In her video essay “Dirty’ Dolls: Femininity, Perversion and Play, author Alexandra Heller-Nicholas (Masks in Horror Cinema: Eyes Without Faces) starts with some uncanny similarities between the meeting of the main characters in Toys are Not for Children and Todd Haynes’ 2106 film Carol, especially the power dynamics between the female leads who both meet in a toy shop. Heller NIcholas uses this as a springboard to examine the links between “femininity, toys, dolls and play, and so called deviant sexual behavior”. The biggest takeaway from the piece is about the infantilization of women’s sexuality in culture. Baribe dolls are naturally covered with the straddling notion that over the years Barbie has gone from a toy marketed to 6-10 year old girls had become a toy aimed squarely at the pre-school set. Less obvious explorations of her theme lead Heller-Nicholas into less obvious explorations from fine art and pop culture including the 18th century William Hogarth painting Portrait of Young Girl Carrying Bird and Doll, Vladimir Nabakov’s Lolita, Elia Kazan’s film Baby Doll and even Shirley Temple’s Baby Burlesks short film series. Alexandra Heller-Nicholas expertly covers a lot of ground in under a half hour making great use of illustrative film clips and is not only a terrific extra for this disc, but could be expanded into a longer documentary.

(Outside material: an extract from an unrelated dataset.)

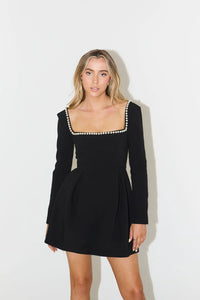 Sophie | Structured A-Line Evening Crepe Fit Mini Dress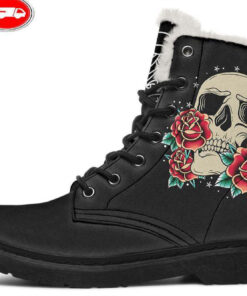 white rose skull faux fur leather boots 1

Film writers Kat Ellinger (All The Colours Of Sergio Martino) and Heather Drain (, Diabolique Magazine) lead a joyous celebration of Toys are Not for Children on their sparkling audio commentary. Once they get the obligatory biographical notes dispensed with, they take great joy in stripping down the characters, plot, and theme of the film. The unlikely sexual liberation and awakening of Jamie as a kinky call girl who is getting paid to work out her own sexual issues is thoroughly discussed. Kat and Heather express frustration with the difficulty in finding information on actresses from exploitation films as many of them made few films, often under pseudonyms and the entire nature of maverick independent productions don’t exactly lend to meticulous record keeping. The duo express sadness about the unfulfilled careers of too many artists whose work they admire. This track is does what the best audio commentaries do and gives the viewer a better appreciation of the film through discussion without telling the audience what to think, but rather things to think about.